(EXTRACTED DATA Opens)

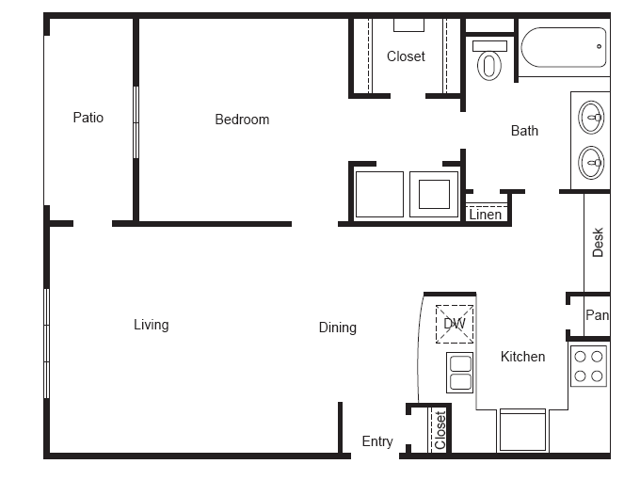 A2 Floorplan: 1 Bedroom, 1 Bathroom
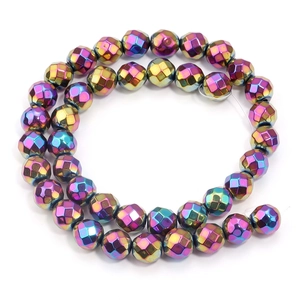 Perle di ematite iridescente sfaccettate con finitura metallica arcobaleno per gioielli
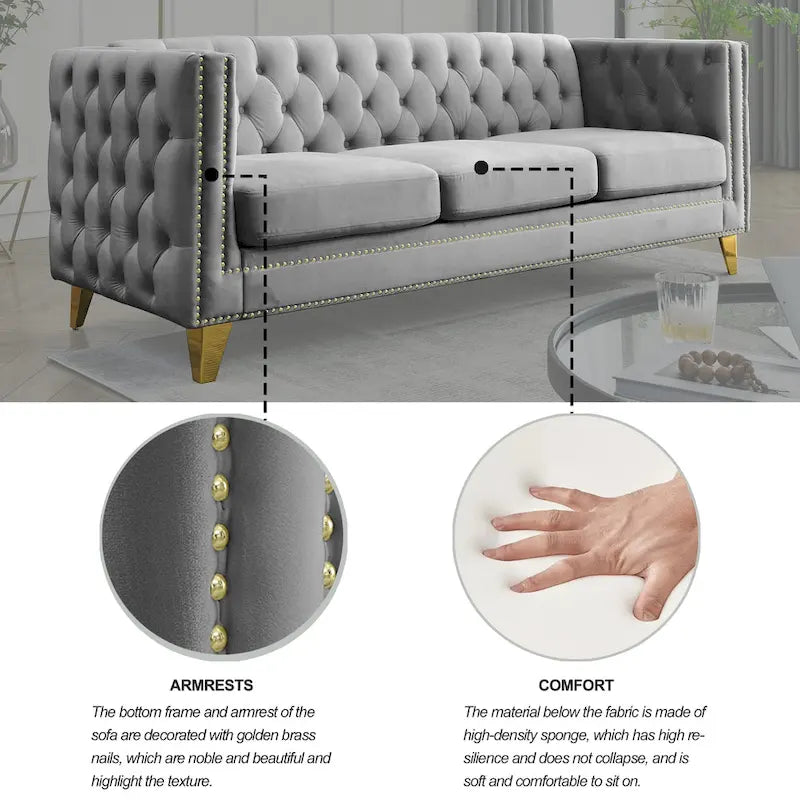 Canapé 3 places gris 80,5 en velours touffeté avec clous décoratifs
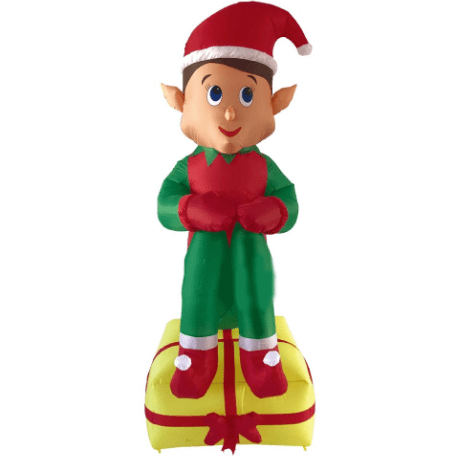 Gemmy Inflatables Christmas Inflatables 7' Santa's Elf on Present by Gemmy Inflatables Y1369A 7' Santa's Elf on Present by Gemmy Inflatables SKU# Y1369A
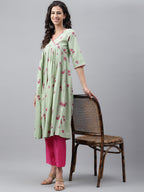 Janasya Women's Light Green Cotton Floral Printed Casual Flared Kurta | Grocsy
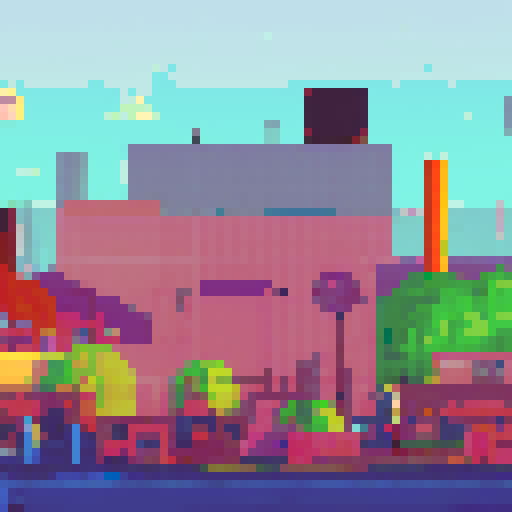 The optimistic future in the background to the right with bright colors and technology, with decaying factories in the foreground to the left with a person on the left side staring off at the future, with the back of their head to the audience.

(EXTRACTED DATA Closes)

EXERCISE INSTRUCTIONS: Beginning with the line above that contains "Gemmy Inflatables Christmas" and ending with the line that contains "Janasya Women's Light", quote each line exactly, keeping out the pictures.

REPLY TO THE EXERCISE:
 Gemmy Inflatables Christmas Inflatables 7' Santa's Elf on Present by Gemmy Inflatables Y1369A 7' Santa's Elf on Present by Gemmy Inflatables SKU# Y1369A
 Janasya Women's Light Green Cotton Floral Printed Casual Flared Kurta | Grocsy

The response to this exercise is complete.